In page 3 of https://link.springer.com/content/pdf/10.1007%2Fs10107-005-0690-4.pdf . It is stated that "The dual of any set is a closed convex cone". I want to know how to prove this. We formulate the problem as follows:

Given a set $K\in\mathbb{R}^n$, the dual of $K$ is defined as $$K^*=\{w\in\mathbb{R}^n:x^Tw\ge0,\forall x \in K\}$$ The problem is how to prove that $K^*$ is a closed convex cone?

My thinkings

We should prove close and convex respectively. For closeness, we can follow this: dual cone is closed , which states that each $x^Tw\ge0$is a half space, therefore, $K^*$ is a intersection of halfspaces.
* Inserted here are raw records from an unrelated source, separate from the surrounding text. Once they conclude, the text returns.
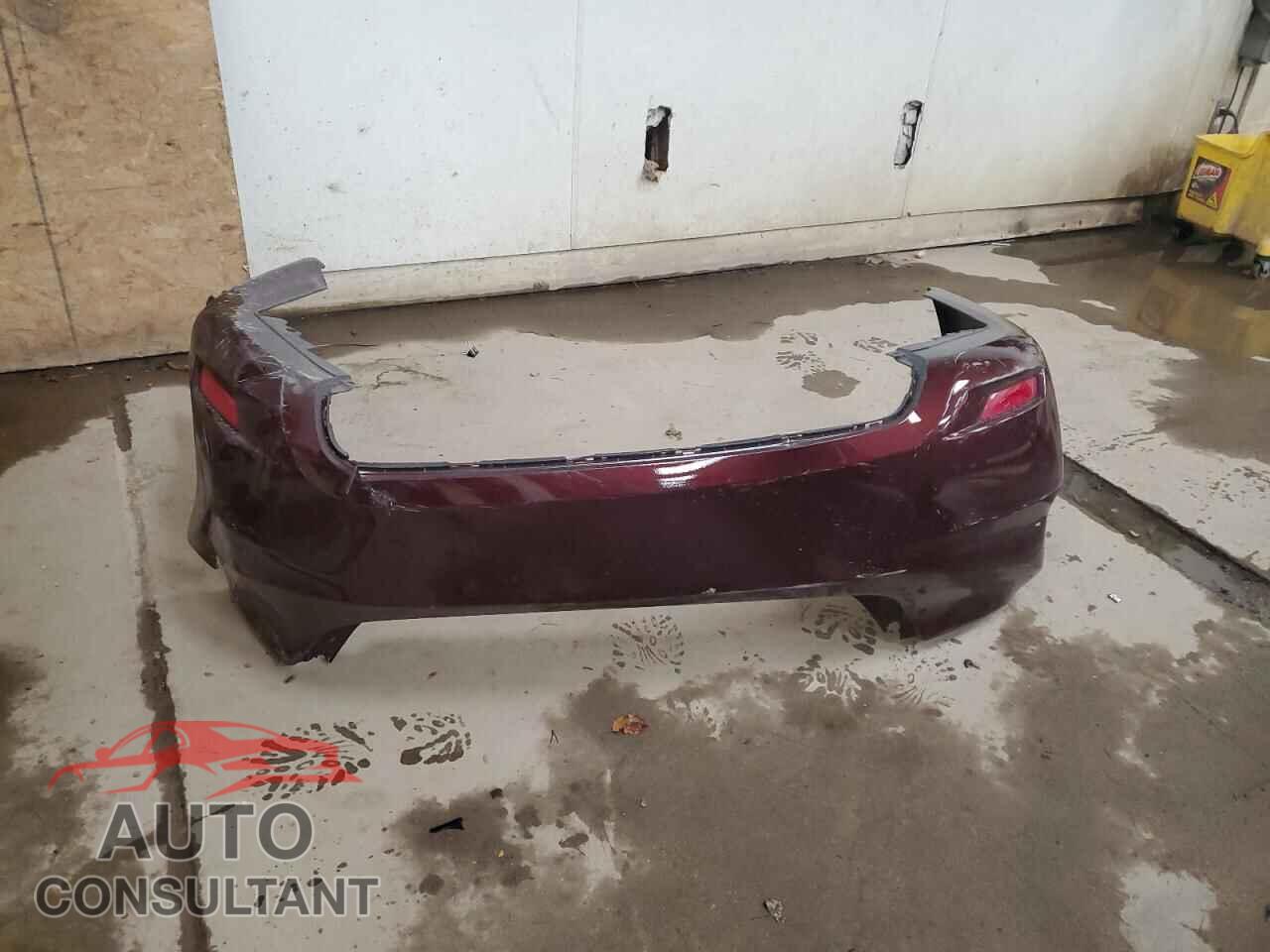 HONDA CIVIC 2013 - 19XFB2F80DE069037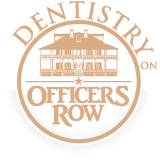 Dentistry On Officers Row image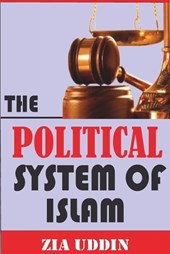 The political system of Islam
But how to prove convex?

Answer 1

Let $v,w \in K^*$, $x \in K$, and $\lambda \in [0,1]$.

Since $x^Tw \ge 0$ and $x^Tv \ge 0$, we have that

\begin{align*} x^T(\lambda v + (1- \lambda)w)&= \lambda x^Tv + (1-\lambda)x^Tw \\ &\ge 0. \end{align*}

$x$ was arbitrary, so it must be that $\lambda v + (1- \lambda)w \in K^*$.